Unfortunately, Spartak’s Komsomol patron Kosarev fell. There’s an apocryphal sory that Kosarev’s fate was football-related; surely the rivalry did him no favors when his life was hanging in the balance.
But it was actually just the routine infighting that did Soviet bureaucrats in throughout the late 1930s. His power eroded; a Komsomol official whom Kosarev had previously booted went over his head to Stalin himself, and Uncle Joe’s apparatchiks brought him down at a November 1938 Komsomol plenum with accusations of favoritism and alcoholism. (Stalin popped in briefly to see if “maybe this is a system and not a mistake?”)
Kosarev spent November 19-22 desperately fending off accusations at the rostrum, was removed from his post by the end of the session, and resided in a Lubyanka dungeon before the month was out.
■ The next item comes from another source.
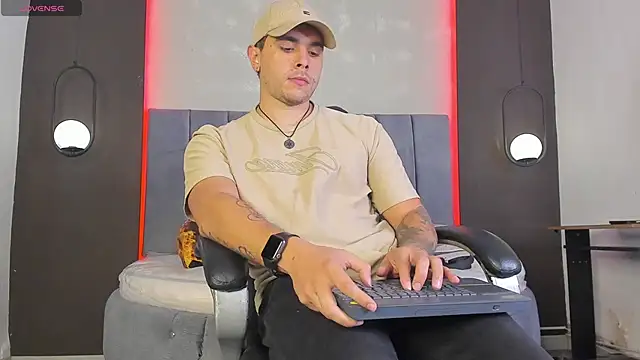 Liam_walk_ live sex cam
And you thought your committee meetings were awful.§
Kosarev got the bullet. Spartak lived on.
So did Starostin, who was not executed but sent to the Gulag. In 1948, Stalin’s son Vasily extracted Starostin to use as a coach for the Soviet Air Force’s football team, leading to a bizarre saga as a, well, human football between Vasily and Beria. (Beria’s security services kept trying to arrest Starostin, leaving the coach shuttled from city to city as the political winds shifted — and sometimes even bunking with his young protector and the revolver Vasily kept under his pillow. All for football!)
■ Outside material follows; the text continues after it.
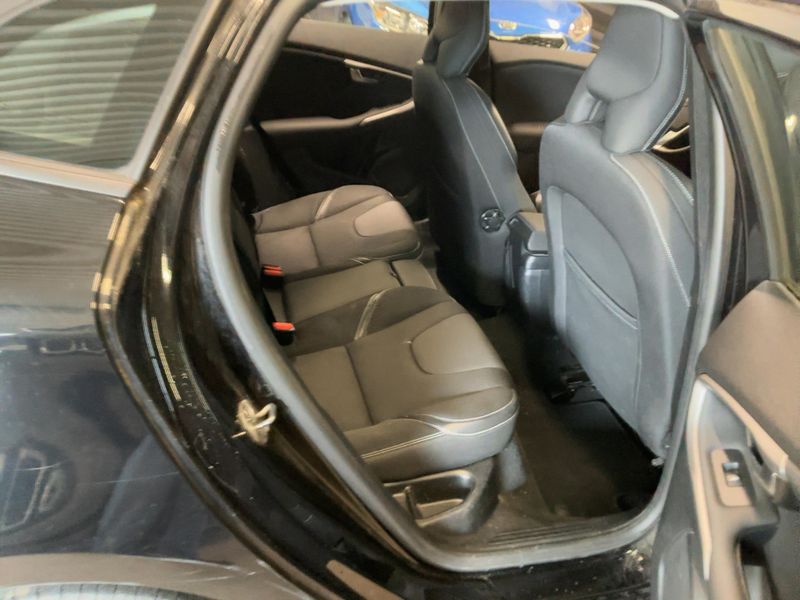 Volvo V40 2.0 T2 Momentum — zdjęcie 14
Kosarev was rehabilitated shortly after Stalin died. Khrushchev mentioned him by name in his “secret speech” denouncing the previous years’ terror.
And since Stalin’s death precipitated Beria’s own execution, Starostin was rehabilitated as well. “It was like the sun rising in the Far North after the long Polar night,” Starostin remembered of 1953.
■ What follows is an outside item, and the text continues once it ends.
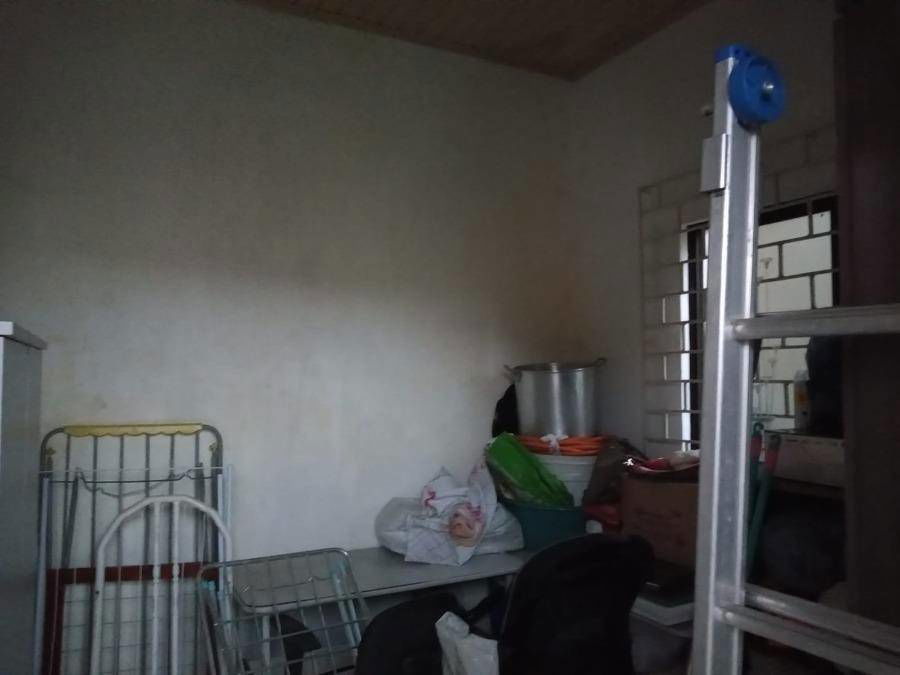 Casa com 3 quartos, 2 banheiros e 2 vagas, 189m² construída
The exiled football legend returned to coach and manage Spartak Moscow — from 1955 until 1992, when he retired at age 90. Nikolai Starostin was associated with the club he helped create in 1922 almost as long as the Soviet Union was associated with Russia: 70 years … minus those lost to the Arctic labor camps.
“Camp bosses, arbiters of the life and death of thousands upon thousands of human beings, personifications of the GULAG brutalities and horrors, were so benevolent to anything concerning soccer,” said Starostin in his memoirs of the starstruck commandants who treated their special prisoner with kid gloves and invariably recruited Starostin to coach local clubs. (Dynamo clubs, ironically.) “Their unbridled power over human lives was nothing compared to the power of soccer over them.”
“The soccer ball was always out of Beria’s reach.”
* “The Strange Story of Nikolai Starostin, Football and Lavrentii Beria,” Europe-Asia Studies, Vol. 46, No. 4 (1994). Riordan, a Briton, played for Spartak in the 1960s. (He wote an autobiography about it.)
** Nikolai was the oldest of four Kosarev brothers, all four of whom played for Spartak. All four were also arrested and tortured in 1942. Nikolai was the only one of them to remain involved in football after his release.
‡ In the 1930s, the Red Army team was known as CDKA. The reason its name changed was because a CDKA-based national team lost to Tito’s Yugoslavia in the 1952 World Cup, and Stalin in a huff ordered the CDKA club dissolved.
§ Information on Kosarev’s fall and the November 1938 Komsomol plenum from Seth Bernstein’s 2011 University of Toronto graduate paper “‘Lifestyle Cannot Be Separate from Politics’: Degeneracy and Promotion in the Purge of the Soviet Komsomol Leadership, 1934-1938″. This paper no longer appears to be available online.